Hacker News new | past | comments | ask | show | jobs | submit login
Debugging Distributed Systems (acm.org)
201 points by luu 5 months ago | hide | past | favorite | 52 comments

For debugging a distributed system, it may be just okay to use the traditional way consisting of testing, log analysis, and visualizing that everyone is familiar with. Yes, there are advanced techniques such as formal verification and model checking, but depending on the complexity of the targe distributed system, it may be practially out of the question or just not worth your time to try to apply these techniques (unless you are in a research lab or supported by FAANG). In other words, it may be that there is nothing inherently inefficient with sticking to the traditional way because distributed systems are hard to debug by definition and there is (and will be) no panacea.

We have gone through the pain of testing and debugging a distributed system that is under development for the past 5 years. We investigated several fancy ways of debugging distributed systems such as model checking and formal verification. In the end, we decided to use (and are more or less happy with) the traditional way. The decision was made mostly because 1) the implementation is too complex (a lot of Java and Scala code) to allow formal techniques; 2) the traditional way can still be very effective when combined with careful design and thorough testing.

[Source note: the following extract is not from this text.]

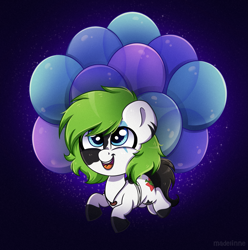 Size: 1819x1836 | Tagged: safe, artist:madelinne, oc, oc only, oc:puffy, earth pony, pony, balloon, commission, commissioner:puffydearlysmith, cute, happy, jewelry, male, necklace, ocbetes, open mouth, open smile, smiling, solo, stallion, your character here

Before building the distributed system, we worked on formal verification using program logic and were knowledgeable about a particular sub-field. From our experience, I guess it would require a PhD dissertation to successfully apply formal techniques to debugging our distributed system. The summary of our experience is at https://www.datamonad.com/post/2020-02-19-testing-mr3/.

I wonder is the promise of cheap hardware using distributed systems is offset by the increased complexity and developer time. Stack overflow scaled up rather than out and I have never seen a problem with their site.

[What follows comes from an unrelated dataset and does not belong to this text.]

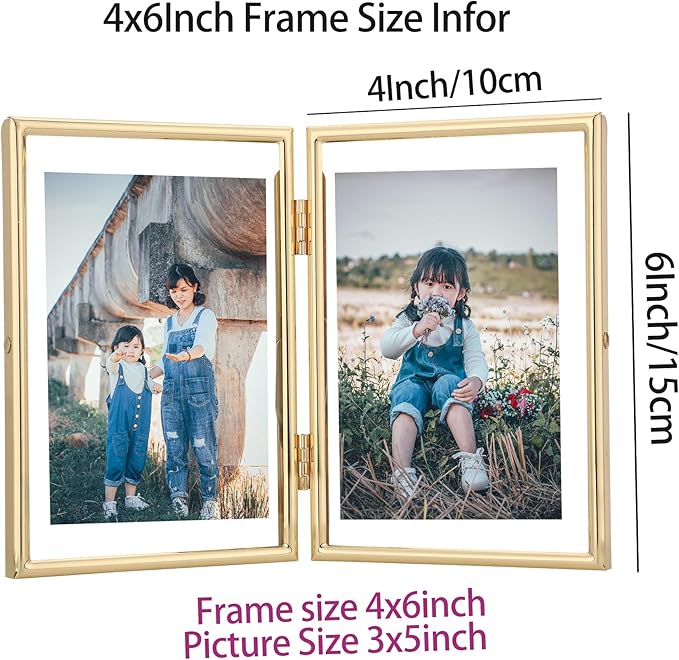 Gold 4x6 Double Floating Frame for Photo Sizes(2x3'',3.5x5''),Classy Metal Rounded Edge Frame Adjustable Tabletop/Shelf Photo Frame,for Wedding,Christmas,Birthady,Home or Office Decor.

Is S.O. a good example of a complicated/large distributed system? I couldn't find any quick googleable results on how many people work on their site.

The reason I ask is I'm working on a product with 30-ish different pods/teams (maybe about 200 - 250 engineers) working on their respective modules, microservices, etc. From my understanding with talking to a lot of others at conferences, is that our distributed system is fairly small (in terms of functional modules/teams, transactions, etc..).

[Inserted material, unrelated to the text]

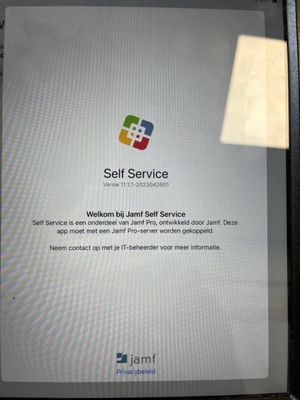 Self service: not linked to Jamf Pro (iPad screenshot)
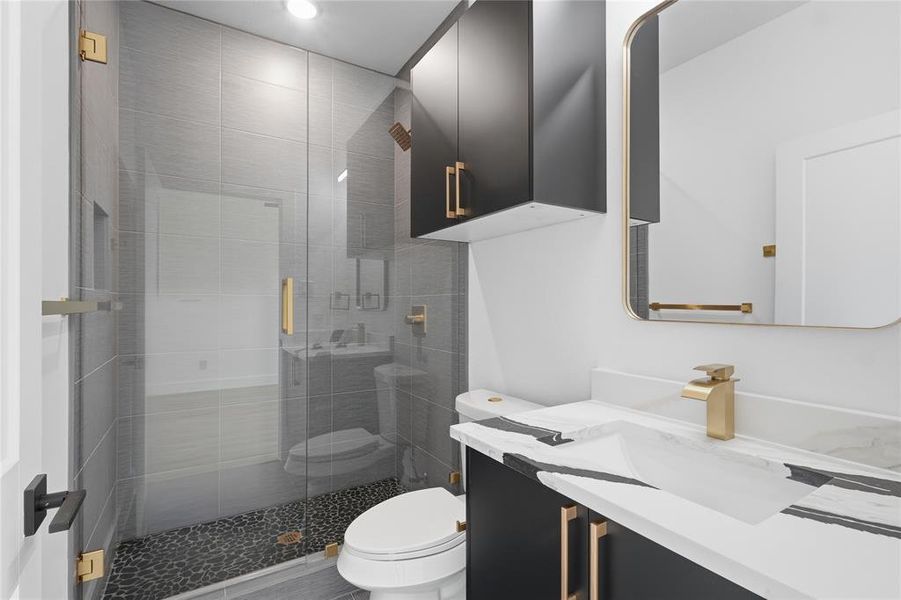 Full bath with vanity and a shower stall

Anyway, even at our small-ish scale, I couldn't imaging running our platform as a single app that were were able to scale up with better hardware.

Also, I think how a company supports multi-tenanting would play a big role in deciding how this works, too, because you can have scenario with a monolith and DB but you have it partitioned by individual tenant dbs, app servers, etc, and you still have a huge pile of hardware (real or virtual) you're dancing around in....

My point is that Stack Overflow seems to have kept things as simple as possible, the opposite of a "complicated distributed system". It seems to be a classical relational databases backed app with some additions for specific parts where it needed to scale. In the end I guess it is distributed but it looks like its based largely around a monolith.


> Anyway, even at our small-ish scale, I couldn't imaging running our platform as a single app that were were able to scale up with better hardware.

Lots of 250+ engineer teams out there working on monoliths.

Distributed systems (and specifically microservices) are oftentimes solutions to organizational problems, not technical ones.

Their developers can't write good stuff on their resume though. How will those poor chaps get another job without writing Kubernetes, NoSQL, distributed database, large scale horizonatally scalable systems. /s

AFAIK, writing "Used a large machine to solve customer problems quickly and efficiently" is not really taken well by a lot of people. The majority of companies can better scale up, than out, but out is the new normal for various reasons.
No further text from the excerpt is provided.